Yup, we all wanted a camera that can handle high ISO with minimal noise...   check.
We wanted an modern autofocus...  check.
We wanted a high, "real" frame rate...  check.

So what this all means is that...

Fauxtographers don't need to worry about lighting - the equipment will pull out decent images with miserable light.
Fauxtographers don't need to worry about missing the focus, because the equipment will lock on pretty much every time.
Fauxtographers don't need to catch the decisive moment, there's a good image hiding somewhere in that burst...

Damn, I feel like a luddite.  But really, the equipment is going to make it easier to take decently-exposed images under pretty crappy conditions.  Granted,  it won't fix bad composition or framing or subject selection.  And there is the "potentially" saving grace that most fauxtographers won't/can't pay thousands to get the top-of-the-line equipment.  Still, can't help but feel that what we wished for will just open the door wider for people who don't care about the niceties of image-making.  And then we will have discussions like:
 "Yes it is perfectly exposed and perfectly focused, but it just sucks from compositional, esthetic, artistic, visually-pleasing perspectives."
"Pfft.  MY camera is more expensive than what you can afford.  So your artistic comments are just jealous sour grapes because you can't afford my toys. "
"No, what I mean is that your image has no soul, no emotion, no interest..."
"Nah, nah..  you're just jealous that I could get a great shot of little Johnny lit by candle-light in the other room.  And you can't."

Sigh.

But then I suppose, every techological advance was met by sceptics who bemoaned the death of the craft because it was easier than before.  So, yeah.  Call me a luddite.


----------



## 2WheelPhoto (Mar 7, 2012)

pgriz said:


> "Be careful what you wish for..."
> 
> Yup, we all wanted a camera that can handle high ISO with minimal noise...   check.
> We wanted an modern autofocus...  check.
> ...



^^^^^thats been happening ever since technology has been evolving (with both camera hardware and computer software)


----------



## 2WheelPhoto (Mar 7, 2012)

Trever1t said:


> just checked and although ACR 6.6 Supports the D800 it doesn't support the 5DIII. Extend | Adobe Photoshop CS5



Adobe will have it right in good time


----------



## bentcountershaft (Mar 7, 2012)

It opens fine with Canon's Zoom Browser EX.


----------



## fokker (Mar 7, 2012)

rexbobcat said:


> I think it would work better if the dark background didn't look like it had artifacts in the first place, lol.

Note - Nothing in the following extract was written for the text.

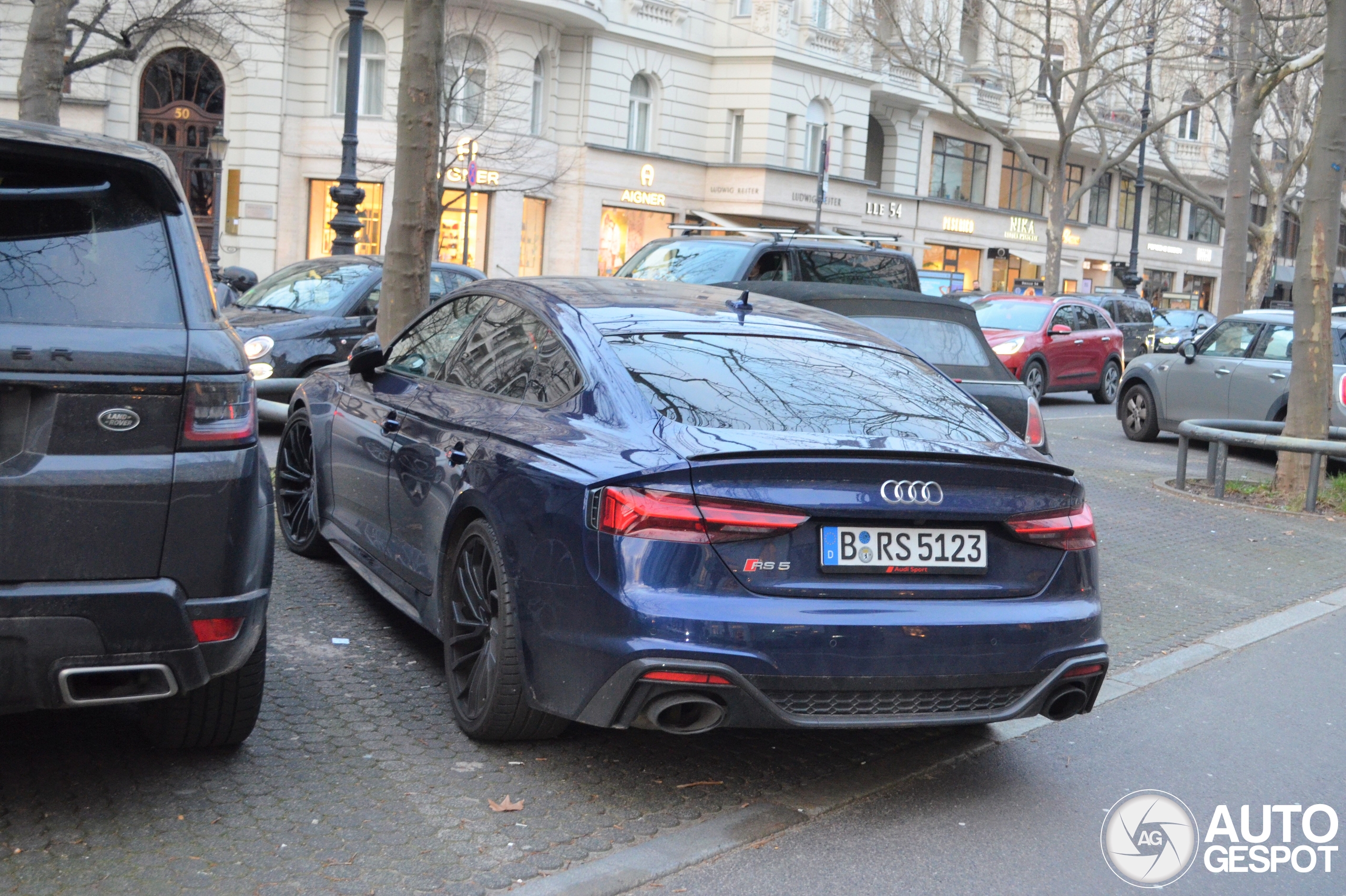 Audi RS5 Sportback B9 2021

I agree, it's hard to tell where the background ends and the noise begins.


----------



## Rhodes454 (Mar 7, 2012)

Finally got it working. Had to adjust a lot of levels and WB settings as the pics were all either magenta or green. This was using Darktable and Linux (I know, I know, but at least it's working). They look clear enough, but it's hard to tell the absolute quality from a snapshot under artificial lighting.


----------



## Cinka (Mar 7, 2012)

I officially hate my 40D and cannot be happy until it is mine.


----------



## jaomul (Mar 7, 2012)

pgriz said:


> "Be careful what you wish for..."
> 
> Yup, we all wanted a camera that can handle high ISO with minimal noise...   check.
> We wanted an modern autofocus...  check.
> ...


The camera won't replace ability. A friend of mine takes way better shots than me with a cheap p+s and I have a fairly decent dslr. (sad face here)


----------



## Sw1tchFX (Mar 7, 2012)

Trever1t said:


> just checked and although ACR 6.6 Supports the D800 it doesn't support the 5DIII. Extend | Adobe Photoshop CS5



you need the ACR 6.7 beta and you can't open them up in LR.


----------



## MLeeK (Mar 7, 2012)

pgriz said:


> "Be careful what you wish for..."
> 
> Yup, we all wanted a camera that can handle high ISO with minimal noise...   check.
> We wanted an modern autofocus...  check.
> ...



yeah, but just think, if we don't have to worry about all of that easy stuff we can work on the OTHER harder stuff!! It just ups the WHOLE game for everyone.


----------



## MLeeK (Mar 7, 2012)

Sw1tchFX said:


> Trever1t said:
> 
> 
> > just checked and although ACR 6.6 Supports the D800 it doesn't support the 5DIII. Extend | Adobe Photoshop CS5
> ...


Wanna tell me where the heck I find that? Thanks!


----------



## Trever1t (Mar 7, 2012)

Yes, where is this Beta 6.7? I searched Adobe but must have missed it?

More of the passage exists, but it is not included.